= To do =
Retype nothing except the lines below from the one with "So updating columns" through the one with "The witnesses' report", exactly, with images left out.

= Records for this task =
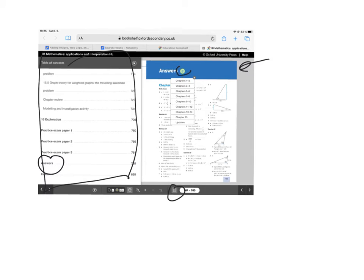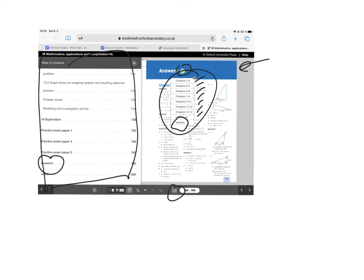And if you click on this icon here, then you get all the solutions — worked solutions for the entire book, done by chapters. It's really quite helpful. And then this updates one tells you about corrections that they've made to the hard copy book.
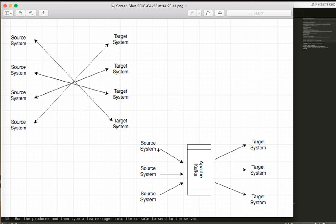With Kafka, the source system — login, laptop, address, etc. — sends data to a target system or analytical engine. Millions of big data records will flow to an application. This involves a producer and a consumer.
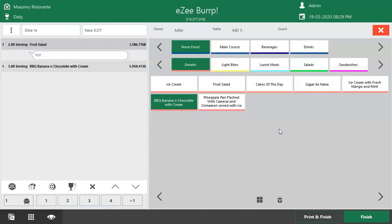After mentioning the remark, click on Print and Finish so that the KOT will print in the kitchen.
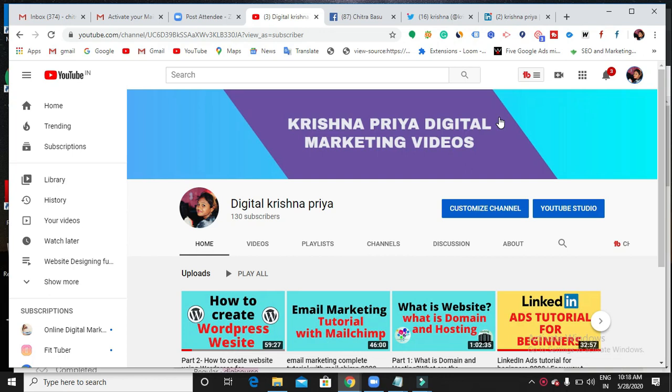Hello everyone, welcome back to my channel. In this video I'm going to discuss how to create a static and dynamic website, what is the difference between pages, posts, and categories, and how using all these options we can create a website effectively. We'll also see how to optimize our footer and widgets.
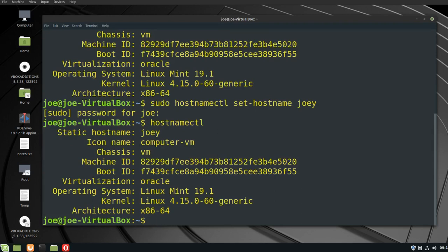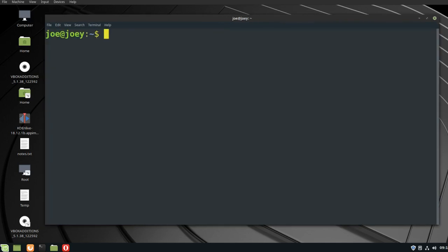I'm going to log out and log back in. Now you can see my username is joe at hostname joey. That's all there is to it. Thanks for watching.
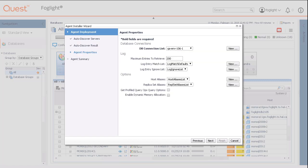In the following window, review and make any configuration changes to the list of agent properties presented. Once completed, click the Next button.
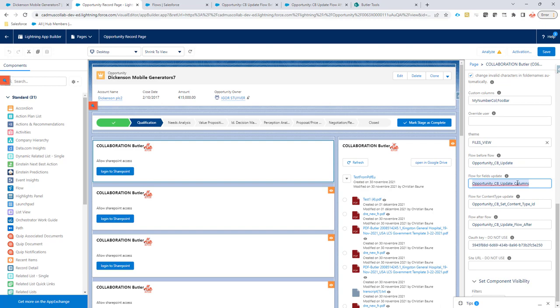So updating columns in SharePoint is a callout so it means that this flow will actually run in a separate transaction.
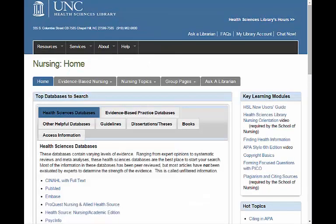So remember, if you are using the Nursing Guide and have a question, the best way to get help is to click on the Ask a Librarian link at the top of the page. If you send an email from this link, it will go to all of the HSL librarians. When we see that the email is from a nursing student, we will refer the question to the Nursing Librarian if she is available.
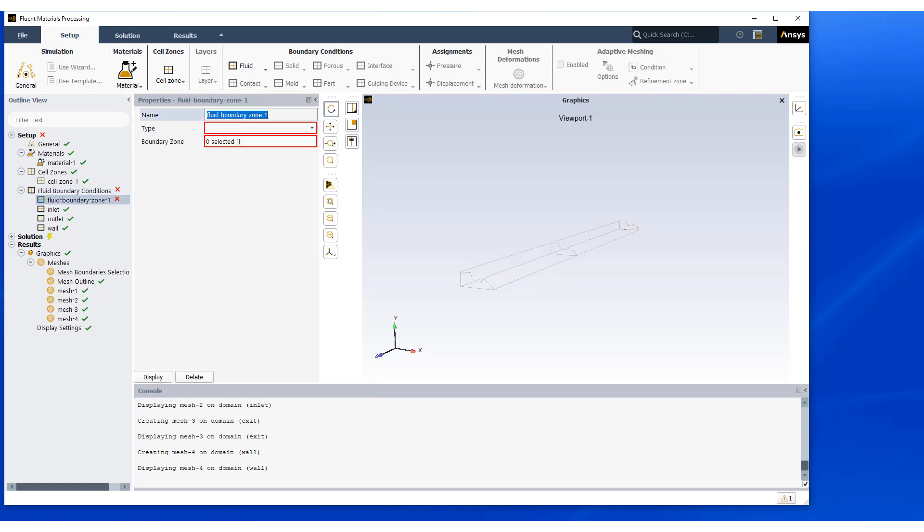Next zone is our free surface, which is allowed to deform under the extrusion process.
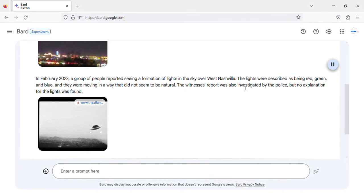The witnesses' report was also investigated by the police, but no explanation for the lights was found.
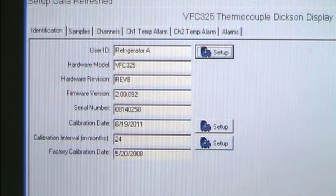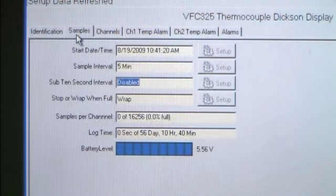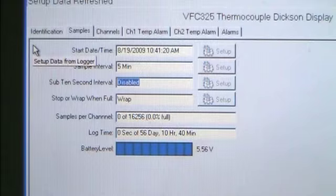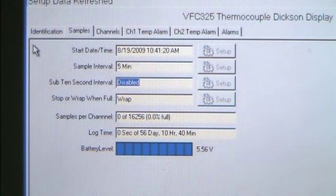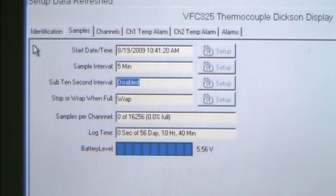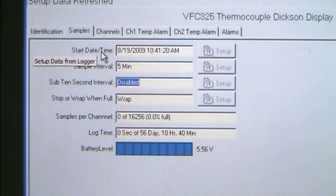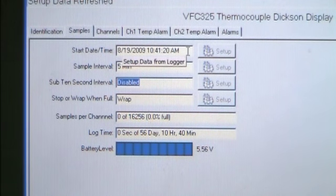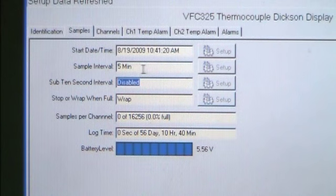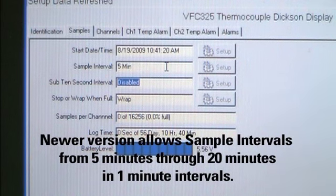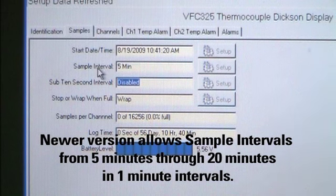Choose the Samples tab. This tab explains information on how your unit takes temperature sample readings. The first section shows the current date and time. The next section is the sample interval. These units are preset at five-minute intervals. The following section is the Sub 10 second interval.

= Answer below =
So updating columns in SharePoint is a callout so it means that this flow will actually run in a separate transaction.
So remember, if you are using the Nursing Guide and have a question, the best way to get help is to click on the Ask a Librarian link at the top of the page. If you send an email from this link, it will go to all of the HSL librarians. When we see that the email is from a nursing student, we will refer the question to the Nursing Librarian if she is available.
Next zone is our free surface, which is allowed to deform under the extrusion process.
The witnesses' report was also investigated by the police, but no explanation for the lights was found.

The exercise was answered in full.